YOUR ASSIGNMENT:
How do the lines below between the ones holding "vidaXL 7 Piece" and "4室2厅2卫 180㎡户型图", inclusive, read? Give them again exactly, with no other lines.

DATA TO USE:
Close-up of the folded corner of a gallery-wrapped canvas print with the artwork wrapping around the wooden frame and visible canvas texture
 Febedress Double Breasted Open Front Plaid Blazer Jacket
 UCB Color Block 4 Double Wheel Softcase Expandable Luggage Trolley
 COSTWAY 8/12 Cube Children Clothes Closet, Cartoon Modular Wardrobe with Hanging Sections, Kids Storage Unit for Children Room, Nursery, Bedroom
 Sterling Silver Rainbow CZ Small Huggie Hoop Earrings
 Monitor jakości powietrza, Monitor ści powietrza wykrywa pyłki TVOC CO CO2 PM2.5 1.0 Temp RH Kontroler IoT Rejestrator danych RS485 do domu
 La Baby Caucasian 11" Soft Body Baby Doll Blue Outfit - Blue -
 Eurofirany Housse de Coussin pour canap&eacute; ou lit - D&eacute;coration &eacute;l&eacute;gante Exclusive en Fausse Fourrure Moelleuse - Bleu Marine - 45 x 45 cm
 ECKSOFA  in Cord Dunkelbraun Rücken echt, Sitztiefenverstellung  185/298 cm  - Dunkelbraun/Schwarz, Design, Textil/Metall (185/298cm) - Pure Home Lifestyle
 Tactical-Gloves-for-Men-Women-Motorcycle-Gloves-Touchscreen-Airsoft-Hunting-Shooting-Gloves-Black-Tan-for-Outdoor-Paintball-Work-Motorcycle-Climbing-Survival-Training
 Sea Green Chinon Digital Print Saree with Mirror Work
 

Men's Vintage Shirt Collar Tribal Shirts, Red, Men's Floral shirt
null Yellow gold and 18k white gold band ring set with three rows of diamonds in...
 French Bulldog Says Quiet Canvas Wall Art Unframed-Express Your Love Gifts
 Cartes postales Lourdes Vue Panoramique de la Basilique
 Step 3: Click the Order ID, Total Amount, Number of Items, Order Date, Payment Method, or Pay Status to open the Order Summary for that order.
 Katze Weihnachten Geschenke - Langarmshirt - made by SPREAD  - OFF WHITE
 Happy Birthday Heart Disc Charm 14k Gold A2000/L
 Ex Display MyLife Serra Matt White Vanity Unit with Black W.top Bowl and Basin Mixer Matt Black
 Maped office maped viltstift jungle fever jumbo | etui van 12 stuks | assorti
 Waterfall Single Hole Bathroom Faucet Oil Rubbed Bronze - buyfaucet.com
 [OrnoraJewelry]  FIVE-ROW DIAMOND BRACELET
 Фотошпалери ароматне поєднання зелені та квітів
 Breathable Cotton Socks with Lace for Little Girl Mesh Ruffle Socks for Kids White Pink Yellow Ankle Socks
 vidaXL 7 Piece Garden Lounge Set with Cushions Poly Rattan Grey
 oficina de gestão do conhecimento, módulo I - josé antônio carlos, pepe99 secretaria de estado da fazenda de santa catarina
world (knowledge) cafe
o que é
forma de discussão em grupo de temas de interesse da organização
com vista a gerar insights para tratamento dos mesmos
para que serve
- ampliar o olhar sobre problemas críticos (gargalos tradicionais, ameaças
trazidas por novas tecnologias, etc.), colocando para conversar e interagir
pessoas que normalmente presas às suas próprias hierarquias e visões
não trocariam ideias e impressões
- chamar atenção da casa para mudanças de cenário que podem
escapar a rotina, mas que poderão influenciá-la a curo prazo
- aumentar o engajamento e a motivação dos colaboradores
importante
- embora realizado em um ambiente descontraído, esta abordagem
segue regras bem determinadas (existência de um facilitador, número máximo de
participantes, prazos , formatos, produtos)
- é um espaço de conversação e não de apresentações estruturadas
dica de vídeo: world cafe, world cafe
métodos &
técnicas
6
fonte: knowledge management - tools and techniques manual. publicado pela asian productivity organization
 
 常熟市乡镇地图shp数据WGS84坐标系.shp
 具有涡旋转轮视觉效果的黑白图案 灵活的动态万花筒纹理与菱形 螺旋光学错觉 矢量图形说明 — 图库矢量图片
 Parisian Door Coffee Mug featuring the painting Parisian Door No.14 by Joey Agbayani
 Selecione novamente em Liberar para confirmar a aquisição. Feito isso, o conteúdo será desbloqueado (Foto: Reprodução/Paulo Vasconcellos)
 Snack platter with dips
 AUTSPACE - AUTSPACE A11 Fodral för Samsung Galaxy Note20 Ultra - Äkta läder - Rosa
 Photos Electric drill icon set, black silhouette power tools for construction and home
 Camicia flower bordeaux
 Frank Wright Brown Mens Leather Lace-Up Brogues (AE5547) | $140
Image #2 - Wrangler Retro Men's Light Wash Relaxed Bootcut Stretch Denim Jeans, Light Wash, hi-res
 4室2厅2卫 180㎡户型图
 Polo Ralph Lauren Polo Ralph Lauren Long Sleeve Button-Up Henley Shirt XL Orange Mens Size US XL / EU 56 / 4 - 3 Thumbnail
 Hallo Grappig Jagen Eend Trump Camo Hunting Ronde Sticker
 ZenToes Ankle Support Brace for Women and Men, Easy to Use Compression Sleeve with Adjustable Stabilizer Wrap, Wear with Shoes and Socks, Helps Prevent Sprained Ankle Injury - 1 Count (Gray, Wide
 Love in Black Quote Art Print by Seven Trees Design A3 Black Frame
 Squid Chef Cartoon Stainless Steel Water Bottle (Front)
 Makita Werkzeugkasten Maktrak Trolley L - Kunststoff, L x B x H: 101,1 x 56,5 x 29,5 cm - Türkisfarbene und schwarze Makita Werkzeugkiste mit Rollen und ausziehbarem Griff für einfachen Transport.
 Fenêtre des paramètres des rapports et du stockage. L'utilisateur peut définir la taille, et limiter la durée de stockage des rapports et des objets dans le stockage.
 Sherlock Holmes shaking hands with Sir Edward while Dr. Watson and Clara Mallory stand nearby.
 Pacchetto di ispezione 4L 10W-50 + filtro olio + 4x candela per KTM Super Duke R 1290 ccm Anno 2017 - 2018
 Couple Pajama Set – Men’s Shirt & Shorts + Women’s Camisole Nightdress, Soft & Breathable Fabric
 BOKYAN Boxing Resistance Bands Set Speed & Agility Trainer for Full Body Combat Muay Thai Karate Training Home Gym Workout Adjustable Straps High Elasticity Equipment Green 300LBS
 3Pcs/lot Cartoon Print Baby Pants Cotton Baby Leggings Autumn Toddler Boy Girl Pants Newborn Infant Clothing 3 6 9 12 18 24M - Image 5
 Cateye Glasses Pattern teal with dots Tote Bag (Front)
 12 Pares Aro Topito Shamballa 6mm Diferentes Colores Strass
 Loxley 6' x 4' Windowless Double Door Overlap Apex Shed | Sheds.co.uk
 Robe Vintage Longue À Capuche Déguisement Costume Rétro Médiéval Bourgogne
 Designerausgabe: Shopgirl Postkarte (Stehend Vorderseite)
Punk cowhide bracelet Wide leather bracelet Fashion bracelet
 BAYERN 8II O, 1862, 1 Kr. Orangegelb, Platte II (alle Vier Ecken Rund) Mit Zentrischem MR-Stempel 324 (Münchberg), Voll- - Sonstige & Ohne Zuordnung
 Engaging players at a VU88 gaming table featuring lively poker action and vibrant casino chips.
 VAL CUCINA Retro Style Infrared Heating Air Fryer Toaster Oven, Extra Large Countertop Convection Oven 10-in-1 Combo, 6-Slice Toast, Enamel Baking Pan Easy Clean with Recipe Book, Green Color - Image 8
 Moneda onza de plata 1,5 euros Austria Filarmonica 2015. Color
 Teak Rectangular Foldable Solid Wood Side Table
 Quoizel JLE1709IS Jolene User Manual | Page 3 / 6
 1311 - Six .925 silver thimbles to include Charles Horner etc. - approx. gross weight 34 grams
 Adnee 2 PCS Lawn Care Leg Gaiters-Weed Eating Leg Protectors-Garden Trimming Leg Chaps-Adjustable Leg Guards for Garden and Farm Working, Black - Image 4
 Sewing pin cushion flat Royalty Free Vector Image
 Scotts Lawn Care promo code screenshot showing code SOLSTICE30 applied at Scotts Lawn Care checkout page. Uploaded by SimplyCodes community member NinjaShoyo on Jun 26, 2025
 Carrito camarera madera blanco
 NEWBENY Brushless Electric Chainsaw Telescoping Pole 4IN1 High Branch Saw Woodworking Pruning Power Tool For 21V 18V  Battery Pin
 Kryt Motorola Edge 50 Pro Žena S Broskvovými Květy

REPLY TO THE TASK:
 vidaXL 7 Piece Garden Lounge Set with Cushions Poly Rattan Grey
 oficina de gestão do conhecimento, módulo I - josé antônio carlos, pepe99 secretaria de estado da fazenda de santa catarina
world (knowledge) cafe
o que é
forma de discussão em grupo de temas de interesse da organização
com vista a gerar insights para tratamento dos mesmos
para que serve
- ampliar o olhar sobre problemas críticos (gargalos tradicionais, ameaças
trazidas por novas tecnologias, etc.), colocando para conversar e interagir
pessoas que normalmente presas às suas próprias hierarquias e visões
não trocariam ideias e impressões
- chamar atenção da casa para mudanças de cenário que podem
escapar a rotina, mas que poderão influenciá-la a curo prazo
- aumentar o engajamento e a motivação dos colaboradores
importante
- embora realizado em um ambiente descontraído, esta abordagem
segue regras bem determinadas (existência de um facilitador, número máximo de
participantes, prazos , formatos, produtos)
- é um espaço de conversação e não de apresentações estruturadas
dica de vídeo: world cafe, world cafe
métodos &
técnicas
6
fonte: knowledge management - tools and techniques manual. publicado pela asian productivity organization
 
 常熟市乡镇地图shp数据WGS84坐标系.shp
 具有涡旋转轮视觉效果的黑白图案 灵活的动态万花筒纹理与菱形 螺旋光学错觉 矢量图形说明 — 图库矢量图片
 Parisian Door Coffee Mug featuring the painting Parisian Door No.14 by Joey Agbayani
 Selecione novamente em Liberar para confirmar a aquisição. Feito isso, o conteúdo será desbloqueado (Foto: Reprodução/Paulo Vasconcellos)
 Snack platter with dips
 AUTSPACE - AUTSPACE A11 Fodral för Samsung Galaxy Note20 Ultra - Äkta läder - Rosa
 Photos Electric drill icon set, black silhouette power tools for construction and home
 Camicia flower bordeaux
 Frank Wright Brown Mens Leather Lace-Up Brogues (AE5547) | $140
Image #2 - Wrangler Retro Men's Light Wash Relaxed Bootcut Stretch Denim Jeans, Light Wash, hi-res
 4室2厅2卫 180㎡户型图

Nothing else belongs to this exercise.